[2/2] Avoid step-over infinite loop in GDBServer

Message ID 20161129120702.9490-2-antoine.tremblay@ericsson.com
State New, archived
Headers

Commit Message

Antoine Tremblay Nov. 29, 2016, 12:07 p.m. UTC
  Before this patch, GDBServer always executed a step-over if it found a
thread that needed one.

This could be a problem in a situation exposed by non-stop-fair-events.exp
where the code and the breakpoint placement is like so:

instruction A : has a single-step breakpoint installed for thread 1 and 2
instruction B : has a single-step breakpoint installed for thread 3
and is a branch to A.

In this particular case:

 - GDBServer stops on instruction A in thread 1.
 - Deletes thread 1 single-step breakpoint.
 - Starts a step-over of thread 1 to step-over the thread 2 breakpoint.
 - GDBServer finishes a step-over and is at instruction B.
 - GDBserver starts a step-over of thread 1 to step-over the thread 3
   breakpoint at instruction B.
 - GDBServer stops on instuction A in thread 1.
 - GDBServer is now in an infinite loop.

This patch avoids this issue by counting the number of times a thread does
a step-over consecutively.  If the thread reaches a threshold, which is
currently 32, GDBServer will not step-over but rather restart all the
threads.

I chose a threshold of 32, so to trigger this there needs to be 32
consecutive instructions with breakpoints installed that one thread needs
to step over.
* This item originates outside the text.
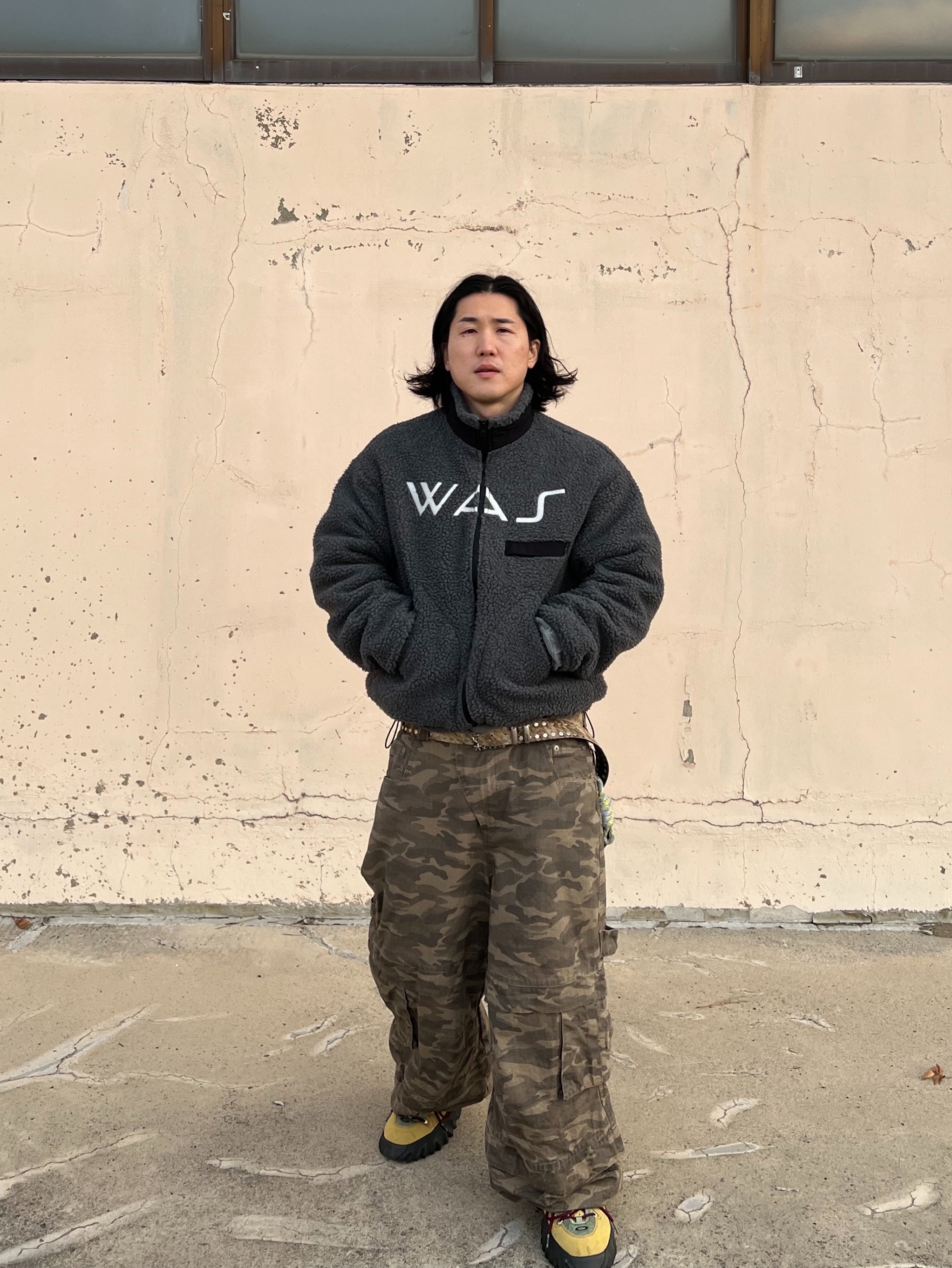 [KREAM Exclusive] Kamien Titan Baggy Pants Kream Camo, Oakley Factory Team Suede Flesh Edge Boots Yellow 착용 스타일 - 3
I think this should be rare enought to trigger only in this
case but suggestions on the threshold value are welcome.

If the threshold is hit and the step-over is delayed, when the thread
that needed a step-over runs it will simply hit the breakpoint it needed
to step-over and retry to start a step-over.

This makes it possible for other threads to run and start a step-over
dance of their own or pending events like signals to be handled.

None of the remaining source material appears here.